**EXERCISE DATA:**
_____
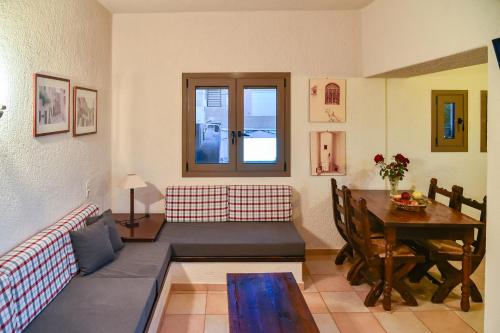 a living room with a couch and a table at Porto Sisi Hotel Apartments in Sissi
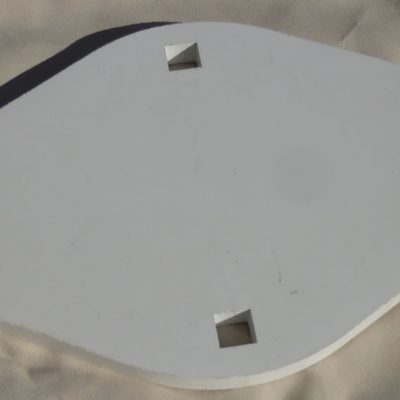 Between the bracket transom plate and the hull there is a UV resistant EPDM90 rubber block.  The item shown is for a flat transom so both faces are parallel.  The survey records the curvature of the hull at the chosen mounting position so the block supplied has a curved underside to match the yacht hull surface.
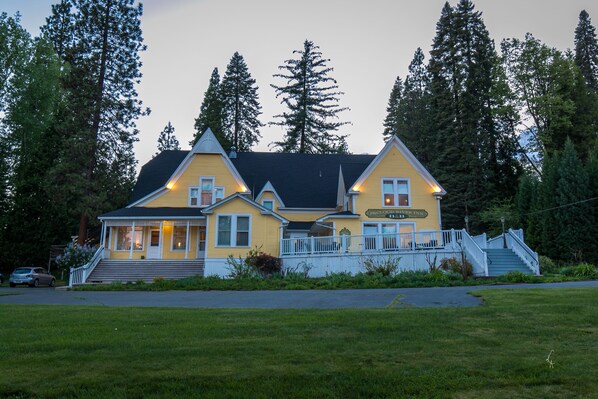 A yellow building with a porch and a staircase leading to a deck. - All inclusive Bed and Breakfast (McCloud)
_____
**WORK TASK:**
Nothing but the text of the listing should be set down, exactly, with the pictures left behind.

**RESULT:**
 a living room with a couch and a table at Porto Sisi Hotel Apartments in Sissi
 Between the bracket transom plate and the hull there is a UV resistant EPDM90 rubber block.  The item shown is for a flat transom so both faces are parallel.  The survey records the curvature of the hull at the chosen mounting position so the block supplied has a curved underside to match the yacht hull surface.
 A yellow building with a porch and a staircase leading to a deck. - All inclusive Bed and Breakfast (McCloud)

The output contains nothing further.